EXERCISE INSTRUCTIONS:
In the listing below, find every line containing "Size" and copy it out.

DATA FOR THE TASK:
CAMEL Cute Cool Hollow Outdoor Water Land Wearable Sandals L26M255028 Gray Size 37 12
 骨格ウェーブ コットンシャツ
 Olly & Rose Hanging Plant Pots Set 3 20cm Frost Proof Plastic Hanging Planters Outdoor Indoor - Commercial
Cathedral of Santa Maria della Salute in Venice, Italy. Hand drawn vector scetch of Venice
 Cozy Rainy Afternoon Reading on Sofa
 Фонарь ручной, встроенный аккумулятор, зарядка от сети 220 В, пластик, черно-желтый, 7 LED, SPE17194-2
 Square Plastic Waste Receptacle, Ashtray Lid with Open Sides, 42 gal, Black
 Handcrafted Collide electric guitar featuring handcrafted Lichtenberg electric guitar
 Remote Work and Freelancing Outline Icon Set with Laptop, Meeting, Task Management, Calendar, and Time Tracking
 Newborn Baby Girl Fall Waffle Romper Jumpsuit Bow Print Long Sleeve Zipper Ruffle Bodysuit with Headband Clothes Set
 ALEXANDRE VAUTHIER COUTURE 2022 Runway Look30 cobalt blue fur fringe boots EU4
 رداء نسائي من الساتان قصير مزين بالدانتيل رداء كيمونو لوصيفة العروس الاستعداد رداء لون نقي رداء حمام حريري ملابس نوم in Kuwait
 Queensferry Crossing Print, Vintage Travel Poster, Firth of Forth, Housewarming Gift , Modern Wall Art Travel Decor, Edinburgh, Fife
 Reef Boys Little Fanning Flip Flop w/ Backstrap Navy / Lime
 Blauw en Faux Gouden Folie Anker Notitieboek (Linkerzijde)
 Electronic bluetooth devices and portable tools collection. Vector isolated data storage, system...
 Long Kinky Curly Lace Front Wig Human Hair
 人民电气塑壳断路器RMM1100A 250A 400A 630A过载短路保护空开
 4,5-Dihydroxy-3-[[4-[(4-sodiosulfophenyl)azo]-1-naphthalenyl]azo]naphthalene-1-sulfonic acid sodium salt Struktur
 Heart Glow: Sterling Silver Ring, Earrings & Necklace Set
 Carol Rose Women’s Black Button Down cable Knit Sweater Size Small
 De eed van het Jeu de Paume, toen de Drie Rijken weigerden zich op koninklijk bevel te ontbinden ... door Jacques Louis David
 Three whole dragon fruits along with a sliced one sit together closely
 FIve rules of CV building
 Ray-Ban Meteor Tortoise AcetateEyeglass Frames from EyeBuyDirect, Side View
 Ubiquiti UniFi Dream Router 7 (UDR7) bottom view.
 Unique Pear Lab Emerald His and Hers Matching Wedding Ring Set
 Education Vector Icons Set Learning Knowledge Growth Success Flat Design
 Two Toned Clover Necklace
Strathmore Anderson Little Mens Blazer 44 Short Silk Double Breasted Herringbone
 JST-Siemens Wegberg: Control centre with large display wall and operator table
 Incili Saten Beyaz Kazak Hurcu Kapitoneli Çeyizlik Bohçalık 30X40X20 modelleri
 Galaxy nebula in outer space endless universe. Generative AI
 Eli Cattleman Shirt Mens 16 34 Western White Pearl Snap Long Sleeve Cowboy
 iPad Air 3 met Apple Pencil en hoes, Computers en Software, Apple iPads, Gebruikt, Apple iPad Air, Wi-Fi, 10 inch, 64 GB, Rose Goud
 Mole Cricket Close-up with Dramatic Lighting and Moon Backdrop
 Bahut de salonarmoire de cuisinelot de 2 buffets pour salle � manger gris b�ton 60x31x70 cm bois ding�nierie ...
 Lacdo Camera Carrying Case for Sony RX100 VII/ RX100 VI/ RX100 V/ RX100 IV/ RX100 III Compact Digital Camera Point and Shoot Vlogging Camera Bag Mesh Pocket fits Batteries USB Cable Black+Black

TASK RESULT:
CAMEL Cute Cool Hollow Outdoor Water Land Wearable Sandals L26M255028 Gray Size 37 12
 Carol Rose Women’s Black Button Down cable Knit Sweater Size Small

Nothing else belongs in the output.